Eli Lloyd is widely known and honored as one of the first pioneers in that part of Lee County of which he has been a resident for more than half a century, making his home a part of the time in the city of Dixon, and the remainder of the time on his farm on section 13, Nelson Township, which he purchased from the Government in 1837. On this beautiful place which has been made attractive by his labors, he is now serenely passing the declining years of a life well spent, in retirement from active business.
The birthplace of our subject is near the seat of the court of justice in the County of Huntingdon, Pa., where he first opened his eyes to the light on the glorious Fourth of July in the year 1823. His father, whose given name was Henry, was also a native of that county, and was a son of Henry Lloyd, Sr., who was of Welsh descent, but was a native and lifelong resident of Huntingdon County, where he died when past eighty years of age. His wife, who was also a Pennsylvanian by birth, lived to be very old. The elder Lloyds were staunch Baptists in religion.

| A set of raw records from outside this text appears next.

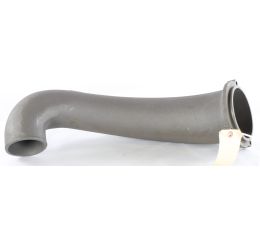 CONNECTING PIPE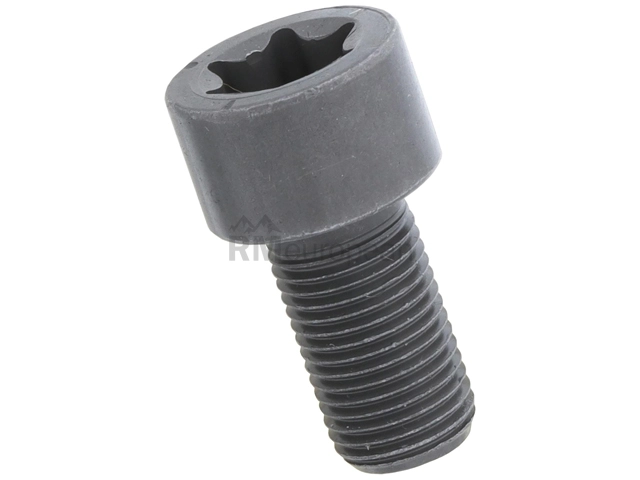 Mercedes Crankshaft Bolt Genuine Mercedes 007990510464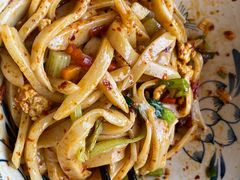 -宋益驴蹄子面肉夹馍(辛家庙店)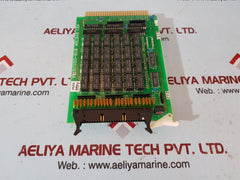 Kei system btb-d01/02a pcb card New
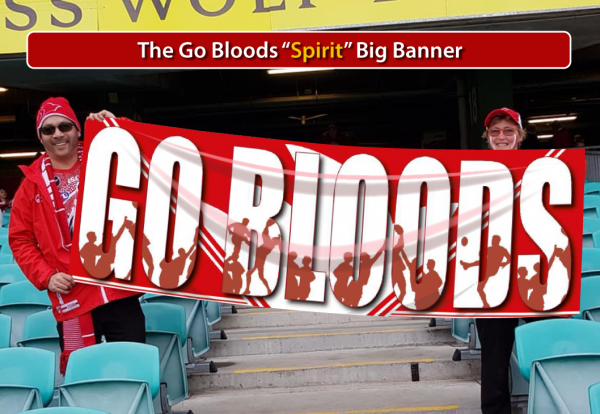 Go Bloods Spirit_Big_Banner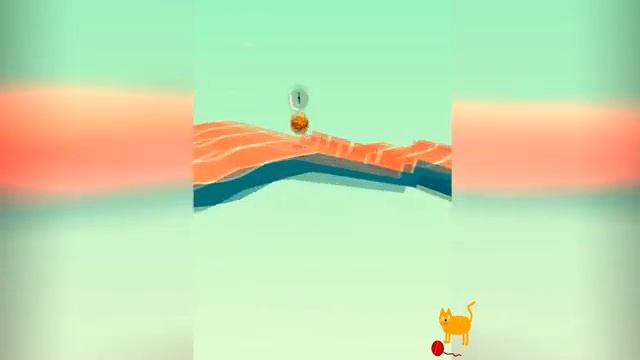 Rolly Legs NOOB Vs PRO Vs HACKER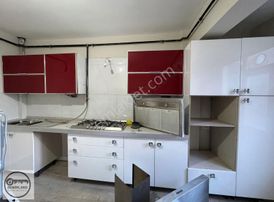 Demirland'dan Kiralık Hastane Yakını 2+1 Abonelikleri Açık Daire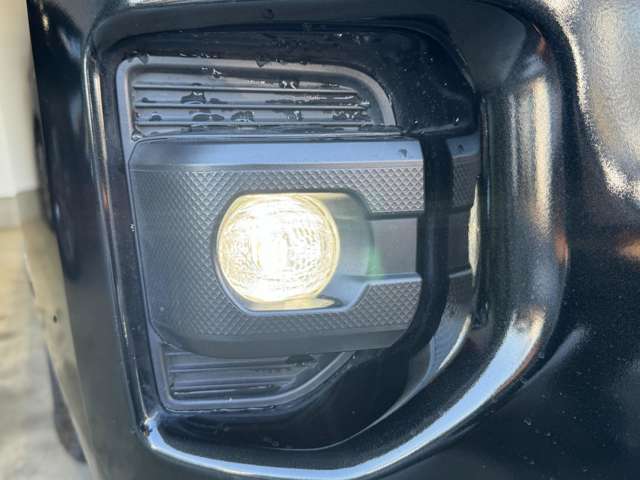 トヨタ ハイエースワゴン ２．７ ＧＬ ロング ミドルルーフ ４ＷＤ R4年 (東北) 99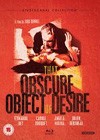 That Obscure Object Of Desire (1977)7.jpg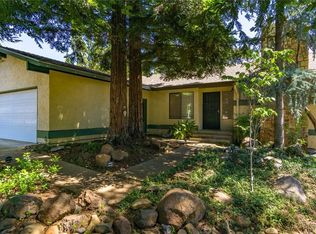13 Tilden Ln, Chico, CA 95928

Henry Lloyd, Jr. grew up on the old Lloyd estate, and was married in his native county to Miss Jane Schwapish, who was born and reared in the same county as himself, and came of the high Dutch stock that had settled in that part of Pennsylvania in Colonial times. After their marriage the Lloyds moved to Cambria County, and there they spent their remaining days on a farm, dying full of years. They were members of the Baptist Church.
Our subject is the sixth of a family of twelve children. He was reared in a good home by worthy parents, whose instruction, no less than their example, led him to form good habits and principles of right living early in life. He grew to manhood in his native county, but was subsequently married in Blair County. He was in the full flush and vigor of the prime of life when he came to Lee County in 1837. He was one of the first to perceive the fine natural advantages of this part of the State and to avail himself of them. He saw the country when it was in all its original wildness, and has been lost on the prairie when it was so new that there were no roads to travel by, and when there were but very few settlements within a radius of many miles of the site which he selected for his future home on what is now section 13, Nelson Township. He may well be proud of the fact that he has done his share of the hard labor necessitated in bringing about the wonderful change that has been wrought by the hand of man within half a century, whereby this has become one of the richest and best-improved farming regions in Illinois. It contains two hundred acres of arable land, which is now highly cultivated, and is complete in its appointments as regards buildings and machinery, and its fertile soil is capable of supporting a great deal of stock. Mr. Lloyd himself has retired from farming, and his son now operates the farm, keeping it up to the same high standard it had attained before it came under his care. Besides his homestead, Mr. Lloyd owns a fine property in Dixon and is one of the wealthy men of the community. He has spent much of his time for the last twenty years in that city and has done conspicuous service in the line of public improvements during his incumbency of the office of Street Commissioner and in other civic positions. He has also been prominent in the political life of the city and township and has exercised a favorable influence on the fortunes of the Republican party in this section.
April 5, 1891, the wife of our subject passed away from the home that had been blessed and sanctified by her presence for so many years, her death, which occurred very suddenly at their residence in Dixon, being caused by the rupture of an artery. Mrs. Lloyd’s maiden name was Adveanna Anderson. She was born in 1812 in the town of Phoenixville, Chester County, Pa., and was there reared to womanhood. Her father, Julius Anderson, lived and died a farmer in Pennsylvania, dying in the prime of life of consumption contracted while serving as a soldier in the War of 1812. Mrs. Lloyd came to Illinois with her husband and was his helpmate, companion, counselor, and comfort in the hardships of the rough pioneer life that they shared together in the founding of a new home. She was a woman of more than ordinary intelligence, her mind ripened by culture and much reading of the best literature, she being well known as a scholar and historian, and her death was mourned by many friends she and her husband had gathered around them during their many years’ sojourn in this county. She was possessed of a lovely Christian spirit, and as one of the earnest and active members of the Baptist Church, she is greatly missed.
Three children were born to Mr. and Mrs. Lloyd, of whom two are deceased, — Anna M., who died at the age of six years, and Catherine, who was twenty-eight years old when she died. Their son Julius, an enterprising and successful farmer, residing on and managing the old homestead, married Miss Harriet Goodyear, and they have five children.